Teacher Information: Number Line Bars

This virtual manipulative uses adjustable colorable bars to illustrate arithmetic operations on the number line.

The basic idea is to combine colored bars along the number line to represent particular number operations. To add, say 4 + 7, we can start with bars of length 4 and length 7 (either set the desired lengths in the New Bar window, or drag the arrow-end of any bar to change length), place one to start at the 0-point on the number line, and place the other so that the combined bars reach from 0 to 11, and read the sum. Alternatively, we could just place a 7-bar starting at the 4-point, or place a 4-bar starting at the 7-point, ending up in either case at the 11-point of the number line.

Subtraction is accomplished similarly. Depending on the experience of the student, for the difference 8 - 5, you can use two positive bars and see what the difference is, or you can illustrate that 8 - 5 = 8 + (-5), using a positive bar (pointing to the right) and a negative bar (drag the arrow-end to the left until it changes color and has the desired length). In the first case, place an 8-bar first and use a 5-bar above it, either starting at the 0-point or at the 8-point. It is easy to see then that there is a difference of length 3-and you may want to actually add a 3-bar, placing it so that the 5-bar and the 3-bar together add up to match the 8-bar, illustrating the verbalization of the subtraction process as "8 - 5 is (or names) the number that must be added to 5 to equal 8." Using an 8-bar and a (- 5)-bar, starting at 0, we move with the first bar to 8 and then with the second back to 3.

Multiplication of whole numbers as repeated addition is easily represented here, and the student can easily see that three 7-bars end up at the same point as seven 3-bars, for the product 7*3 = 21. Using the zoom and slider can make it easier to see some products. The same process works just as well with one negative factor (7)(-3) = (3)(-7) = -21.

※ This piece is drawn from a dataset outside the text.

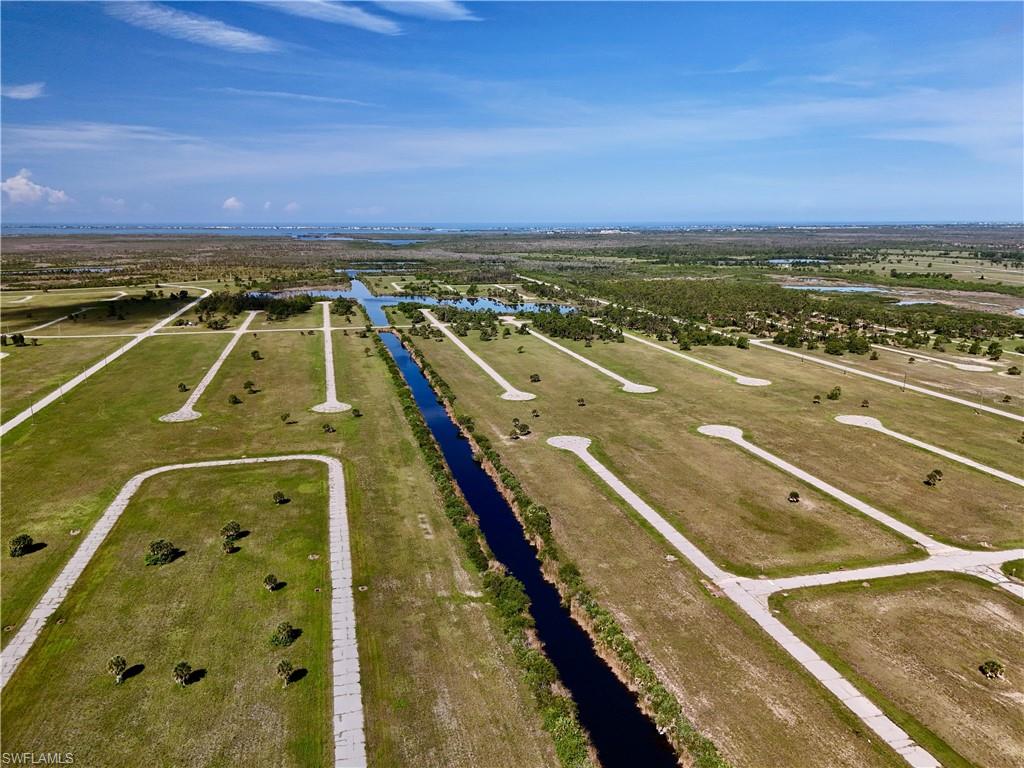 ROTONDA VILLAS - Land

Likewise, division, either even or with a remainder, say 8/3, is most easily seen as answering the question, "How many copies of 3 are there in 8?" This is obviously equivalent to repeated subtraction for integers, but the idea of seeing how many copies of the divisor can be placed alongside the dividend carries over to the division of fractions while repeated subtraction makes no sense in the context of fractions. With an 8-bar and 3-bars, it is easy to see that the 8-bar can contain two 3-bars, with room left over for a 2-bar, so that the quotient is 2, with a remainder of 2.